Автором этого политического памфлета был 18-летний матрос Российского флота Никифор Куницын. Солдатский сын Куницын обучился грамоте в славяно-российской школе и в полку, где проходил службу, выполнял обязанности писаря.
С допроса, произведенного под пыткою, Куницын был брошен в застенок. Так начались «хождения по мукам» юного моряка, продолжавшиеся без перерыва более 27 лет — до 31 декабря 1765 года (дата смерти Куницына).
После пятилетнего заключения власти решили, что самым подходящим «смирительным домом» для критически мыслящего матроса может быть Соловецкий монастырь, и направили его туда навсегда в каторжные работы.
В 1743 году последовал указ синода соловецкому архипастырю: «Матроса Никифора Куницына за богоотступное своеручное его письмо, какое писал ко князю тьмы, содержать в вечных монастырских до смерти его никуда неисходных трудах и чтоб за такое его тяжкое перед богом согрешение во всю свою жизнь приносил господу богу покаяние, приходя с работы в церковь ко всякому славословию по вся дни»[35].
В Архангельск Куницына привезли «заклепанным в кандалы» и до отправки на остров посадили в караульный дом на Соломбальской верфи. Весной у посадского человека, холмогорца Семена Петухова, было ряжено (нанято) судно, и узника отправили на Соловки. Инструкция предписывала конвою держать Куницына в пути «под крепким караулом… и никакого послабления ему не делать, дабы на водяном пути не мог учинить над собой какого страху».
14 июня 1744 года Куницына сдали монахам. Как это делали со всеми арестантами, у матроса по реестру приняли его небогатый скарб. Среди вещей нового ссыльного оказалась медная чернильница. Платье и обувь Куницына отдали на хранение в кладовую, а соучастницу «богомерзких поступков» матроса отправили на Большую землю. Куницын был единственным из всех соловецких арестантов, который привез на каторгу письменные принадлежности.
В первый год пребывания в монастыре Н. Куницын по неосторожности чуть было не натворил беды. Он бросил непогашенной свечу. Счастливый случай предотвратил неизбежный пожар. По этому поводу матросу пришлось давать письменное объяснение.
В последующие годы Н. Куницын принес монастырским старцам немало хлопот. Матрос оказался менее смирным, чем многие его товарищи по несчастью. Бунтарский дух жил в нем. Н. Куницын не раз протестовал против несправедливости, вслух осуждал соловецких святош и крохоборов, за что несколько раз был штрафован на монастырском «лобном месте». В архивохранилищах находятся восемь различных дел с жалобами монастыря на строптивого матроса, который «властям нагло некую напрасную обиду поношением учинял».

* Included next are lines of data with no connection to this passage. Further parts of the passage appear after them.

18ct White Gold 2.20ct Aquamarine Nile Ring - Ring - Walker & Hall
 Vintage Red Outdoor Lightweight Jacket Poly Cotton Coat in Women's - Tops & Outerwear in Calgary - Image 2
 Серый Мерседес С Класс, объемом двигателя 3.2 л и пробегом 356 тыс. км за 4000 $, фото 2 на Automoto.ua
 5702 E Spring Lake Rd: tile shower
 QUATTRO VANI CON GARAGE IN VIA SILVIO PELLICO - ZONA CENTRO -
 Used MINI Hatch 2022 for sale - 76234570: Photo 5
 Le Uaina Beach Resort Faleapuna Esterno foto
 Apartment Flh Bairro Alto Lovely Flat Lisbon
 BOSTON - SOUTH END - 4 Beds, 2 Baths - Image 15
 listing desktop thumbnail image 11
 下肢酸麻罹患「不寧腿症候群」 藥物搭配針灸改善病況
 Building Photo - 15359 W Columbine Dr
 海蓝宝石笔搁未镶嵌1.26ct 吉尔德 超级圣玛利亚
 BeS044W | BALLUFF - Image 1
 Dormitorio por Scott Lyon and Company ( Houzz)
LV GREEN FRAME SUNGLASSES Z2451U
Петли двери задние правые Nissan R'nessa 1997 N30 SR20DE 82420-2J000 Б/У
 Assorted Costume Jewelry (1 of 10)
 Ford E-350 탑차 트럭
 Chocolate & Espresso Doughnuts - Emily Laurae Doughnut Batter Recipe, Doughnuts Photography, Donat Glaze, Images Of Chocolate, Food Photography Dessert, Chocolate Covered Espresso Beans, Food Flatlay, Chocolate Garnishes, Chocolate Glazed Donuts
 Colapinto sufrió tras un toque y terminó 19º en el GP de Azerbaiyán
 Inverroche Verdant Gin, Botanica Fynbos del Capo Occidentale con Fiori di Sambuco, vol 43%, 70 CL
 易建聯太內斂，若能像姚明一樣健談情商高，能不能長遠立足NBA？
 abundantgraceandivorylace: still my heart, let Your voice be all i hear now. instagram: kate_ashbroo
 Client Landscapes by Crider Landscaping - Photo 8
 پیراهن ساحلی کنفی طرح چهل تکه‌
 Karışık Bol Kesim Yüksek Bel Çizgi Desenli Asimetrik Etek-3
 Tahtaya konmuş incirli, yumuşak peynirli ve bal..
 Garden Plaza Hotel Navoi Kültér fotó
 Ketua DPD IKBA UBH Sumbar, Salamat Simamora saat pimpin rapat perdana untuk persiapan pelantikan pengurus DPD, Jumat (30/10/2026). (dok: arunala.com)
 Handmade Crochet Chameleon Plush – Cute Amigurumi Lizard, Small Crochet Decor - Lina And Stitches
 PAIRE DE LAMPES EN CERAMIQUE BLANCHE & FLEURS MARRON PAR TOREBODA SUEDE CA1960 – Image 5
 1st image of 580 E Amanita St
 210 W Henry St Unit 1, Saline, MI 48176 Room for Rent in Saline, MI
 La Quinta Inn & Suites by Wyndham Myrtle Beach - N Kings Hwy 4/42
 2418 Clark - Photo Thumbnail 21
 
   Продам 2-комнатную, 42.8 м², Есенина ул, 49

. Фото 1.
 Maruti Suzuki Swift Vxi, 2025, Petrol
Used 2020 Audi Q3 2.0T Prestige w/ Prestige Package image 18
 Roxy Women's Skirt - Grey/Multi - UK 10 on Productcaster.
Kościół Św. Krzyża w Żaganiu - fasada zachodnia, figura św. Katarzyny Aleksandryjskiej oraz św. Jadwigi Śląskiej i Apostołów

В 1747 году Куницын при народе отругал и высмеял архимандричьего прихвостня, старосту дьячьей службы Арсения Арефьева, а без свидетелей нанес ему «оскорбление действием»: ударил рукою в грудь «весьма крепко»[36].
Выступал Н. Куницын и как агитатор: ходил по кельям ссыльных и бранил «поносными речами» архимандрита. Матрос вовлек в «непристойные разговоры» о монастырской верхушке других ссыльных — Афанасия Кискина и Федора Васильева. Когда об этом стало известно монахам, на арестантов, замешанных «в поношении главного властелина», посыпались новые репрессии.
А. Кискина определили в тягчайшие кузнечные труды, а Ф. Васильева хотя и оставили на прежней работе в поварне, но старостам обеих служб сделали устное назидание и взяли с них подписку о том, что они не будут разрешать «преступникам» собираться компаниями, запретят им встречаться и разговаривать, а также полностью изолируют ссыльных от работных людей.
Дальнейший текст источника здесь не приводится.